---- Data to use
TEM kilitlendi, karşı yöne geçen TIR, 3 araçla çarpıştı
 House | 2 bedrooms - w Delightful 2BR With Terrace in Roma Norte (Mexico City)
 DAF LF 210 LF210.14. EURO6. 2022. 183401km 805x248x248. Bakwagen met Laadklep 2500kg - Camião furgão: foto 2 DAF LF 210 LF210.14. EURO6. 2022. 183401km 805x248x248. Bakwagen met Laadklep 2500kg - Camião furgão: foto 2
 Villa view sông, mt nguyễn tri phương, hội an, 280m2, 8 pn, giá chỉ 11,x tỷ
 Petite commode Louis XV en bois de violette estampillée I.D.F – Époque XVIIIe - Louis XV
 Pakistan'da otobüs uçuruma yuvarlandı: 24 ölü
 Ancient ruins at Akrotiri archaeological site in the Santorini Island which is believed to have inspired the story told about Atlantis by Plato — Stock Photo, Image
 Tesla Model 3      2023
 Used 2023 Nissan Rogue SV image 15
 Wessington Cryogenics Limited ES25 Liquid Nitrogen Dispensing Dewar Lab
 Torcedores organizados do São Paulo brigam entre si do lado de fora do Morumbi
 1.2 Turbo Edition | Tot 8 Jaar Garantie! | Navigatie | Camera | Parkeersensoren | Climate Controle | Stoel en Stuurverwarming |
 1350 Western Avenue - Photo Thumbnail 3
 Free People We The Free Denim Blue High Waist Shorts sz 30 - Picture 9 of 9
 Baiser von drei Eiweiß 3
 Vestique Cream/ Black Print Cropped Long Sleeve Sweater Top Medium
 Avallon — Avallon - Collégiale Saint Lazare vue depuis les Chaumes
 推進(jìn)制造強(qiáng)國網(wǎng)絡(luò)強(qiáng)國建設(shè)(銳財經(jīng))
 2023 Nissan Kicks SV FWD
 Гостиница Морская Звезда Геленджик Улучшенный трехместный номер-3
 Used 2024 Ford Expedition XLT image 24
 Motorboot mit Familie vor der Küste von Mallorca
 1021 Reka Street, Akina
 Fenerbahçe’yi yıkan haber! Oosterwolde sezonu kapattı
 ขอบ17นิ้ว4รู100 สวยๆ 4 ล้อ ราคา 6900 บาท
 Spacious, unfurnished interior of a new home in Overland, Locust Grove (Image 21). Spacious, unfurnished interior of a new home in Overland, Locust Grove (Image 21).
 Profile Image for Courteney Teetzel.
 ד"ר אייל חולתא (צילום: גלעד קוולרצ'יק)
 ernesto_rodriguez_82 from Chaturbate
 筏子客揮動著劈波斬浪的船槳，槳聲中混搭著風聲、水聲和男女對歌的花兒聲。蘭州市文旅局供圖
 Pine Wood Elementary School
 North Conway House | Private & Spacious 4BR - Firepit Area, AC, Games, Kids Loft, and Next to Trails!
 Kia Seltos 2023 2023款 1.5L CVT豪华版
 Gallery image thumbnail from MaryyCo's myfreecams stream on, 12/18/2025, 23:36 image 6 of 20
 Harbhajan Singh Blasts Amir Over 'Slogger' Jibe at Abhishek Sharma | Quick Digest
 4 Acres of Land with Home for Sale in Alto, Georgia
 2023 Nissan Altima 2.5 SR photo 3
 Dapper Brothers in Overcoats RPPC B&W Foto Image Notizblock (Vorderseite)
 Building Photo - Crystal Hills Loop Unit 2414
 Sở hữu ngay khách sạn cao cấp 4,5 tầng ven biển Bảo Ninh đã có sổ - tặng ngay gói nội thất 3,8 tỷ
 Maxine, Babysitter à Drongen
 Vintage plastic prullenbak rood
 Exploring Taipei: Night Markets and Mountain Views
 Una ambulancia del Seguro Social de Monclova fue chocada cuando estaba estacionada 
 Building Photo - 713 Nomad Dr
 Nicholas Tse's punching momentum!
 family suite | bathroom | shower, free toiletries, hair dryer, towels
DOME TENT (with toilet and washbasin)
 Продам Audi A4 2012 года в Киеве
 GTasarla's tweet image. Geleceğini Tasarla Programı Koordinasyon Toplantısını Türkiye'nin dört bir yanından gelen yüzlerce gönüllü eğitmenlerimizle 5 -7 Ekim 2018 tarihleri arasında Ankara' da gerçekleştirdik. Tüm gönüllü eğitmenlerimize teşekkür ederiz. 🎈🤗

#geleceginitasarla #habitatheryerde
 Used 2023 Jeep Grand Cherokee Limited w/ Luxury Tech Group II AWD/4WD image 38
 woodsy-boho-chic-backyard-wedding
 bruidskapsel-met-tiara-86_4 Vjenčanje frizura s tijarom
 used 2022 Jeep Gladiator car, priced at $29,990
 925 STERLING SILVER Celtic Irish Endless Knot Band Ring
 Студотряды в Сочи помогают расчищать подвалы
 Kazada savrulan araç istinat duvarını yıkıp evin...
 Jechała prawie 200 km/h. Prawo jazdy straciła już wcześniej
--------
Instructions to follow: Going down the listing above, begin printing at the line with "1350 Western Avenue - Photo Thumbnail 3" and finish with the line with "Avallon — Avallon", exactly as they appear.

Solved problem:
 1350 Western Avenue - Photo Thumbnail 3
 Free People We The Free Denim Blue High Waist Shorts sz 30 - Picture 9 of 9
 Baiser von drei Eiweiß 3
 Vestique Cream/ Black Print Cropped Long Sleeve Sweater Top Medium
 Avallon — Avallon - Collégiale Saint Lazare vue depuis les Chaumes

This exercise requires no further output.